> [What to produce]:
Restate the listing below word for word, and leave its pictures behind.

> [Collected material]:
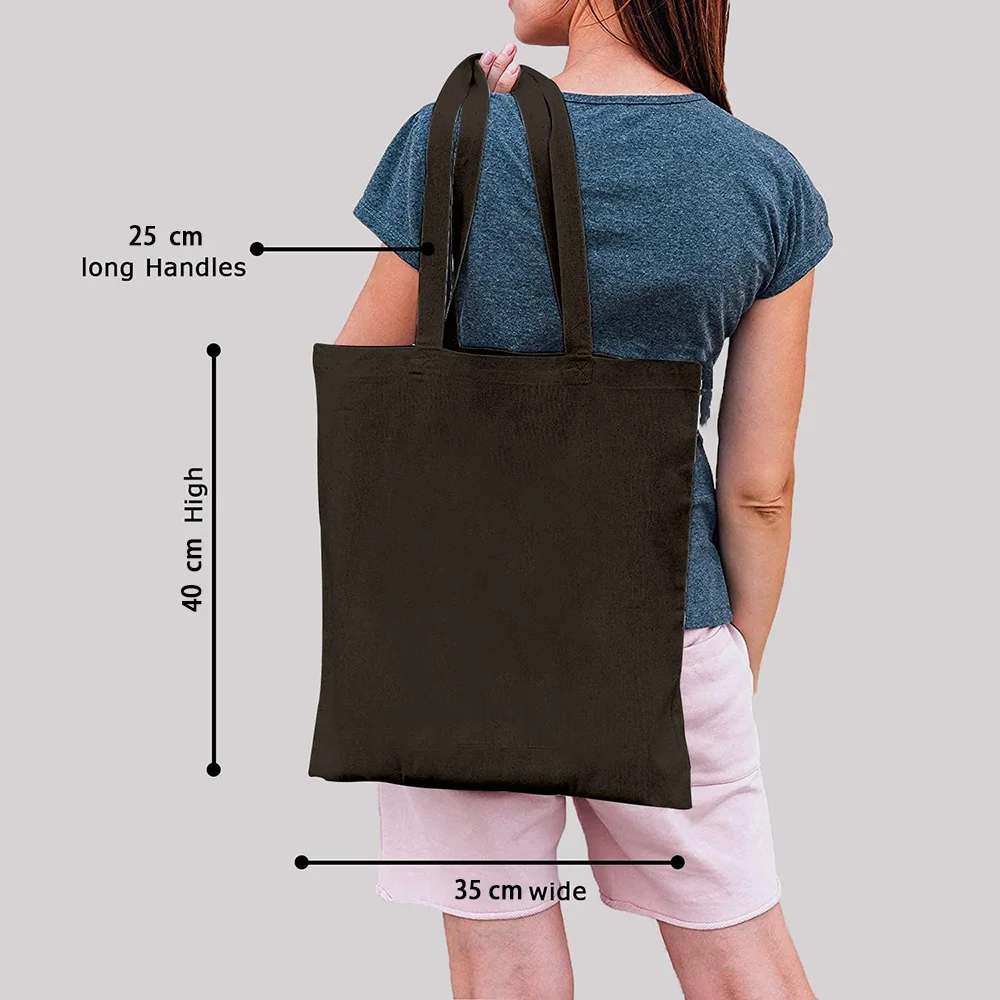 Чанта за пазаруване Kawaii Y2k с принтом мечка, сгъваема чанта за пазаруване, дамски холщовая чанта през рамо, модерна чанта, скъпа мъжка чанта за подробности Изображение 1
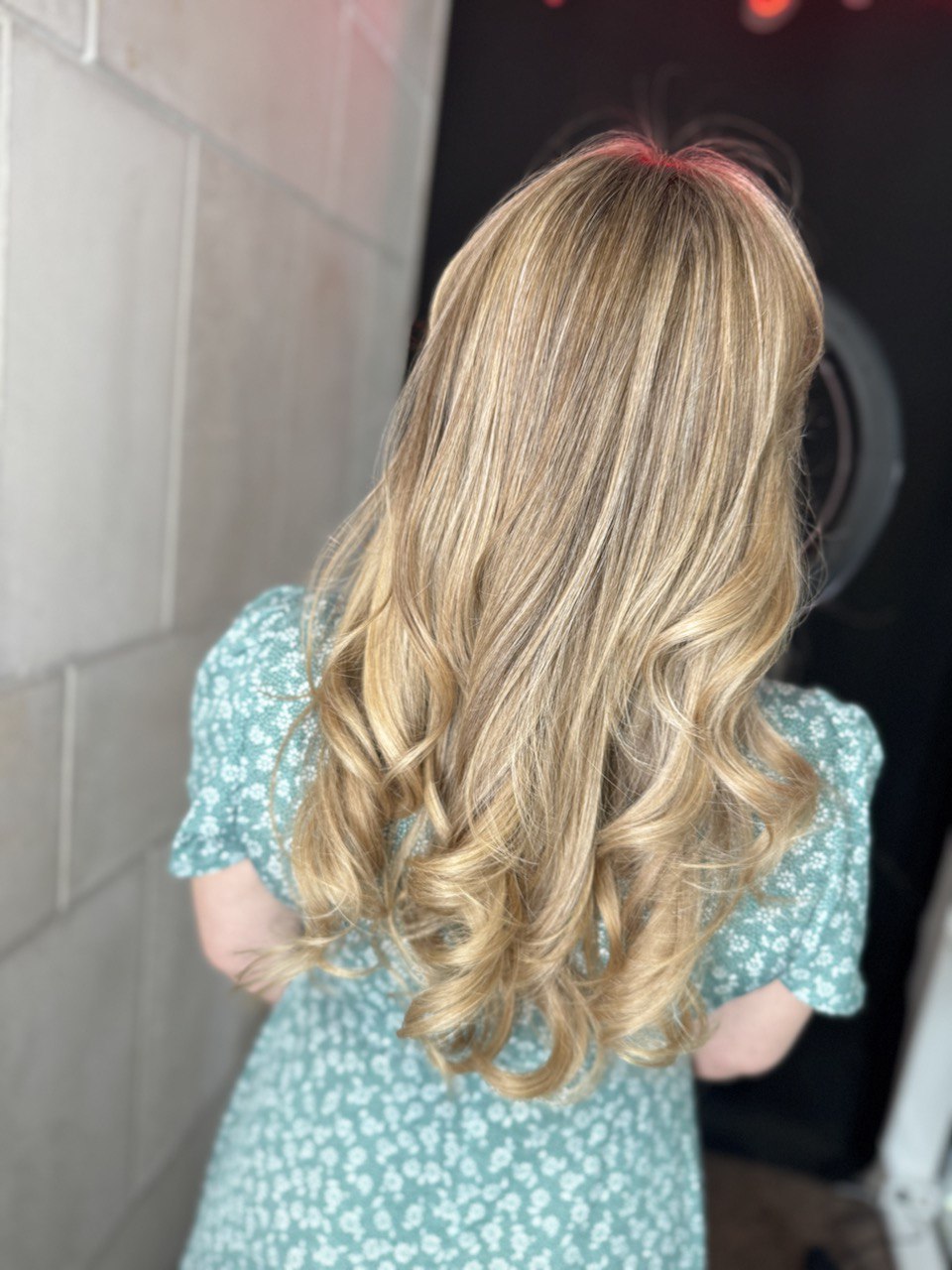 Выбор процедуры для волос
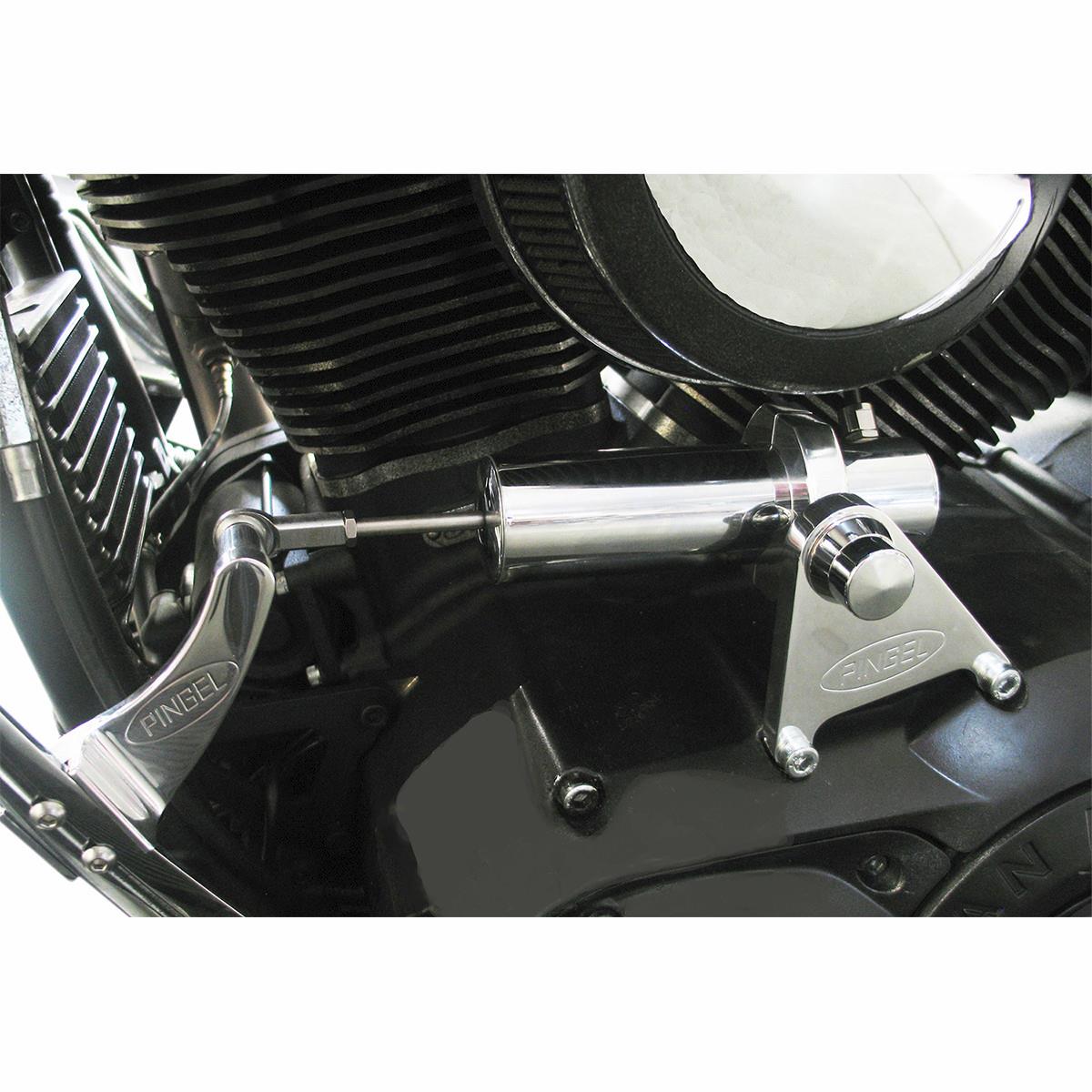 Electric Easy Shift Speed Shifter Kit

> [Exercise solution]:
 Чанта за пазаруване Kawaii Y2k с принтом мечка, сгъваема чанта за пазаруване, дамски холщовая чанта през рамо, модерна чанта, скъпа мъжка чанта за подробности Изображение 1
 Выбор процедуры для волос
 Electric Easy Shift Speed Shifter Kit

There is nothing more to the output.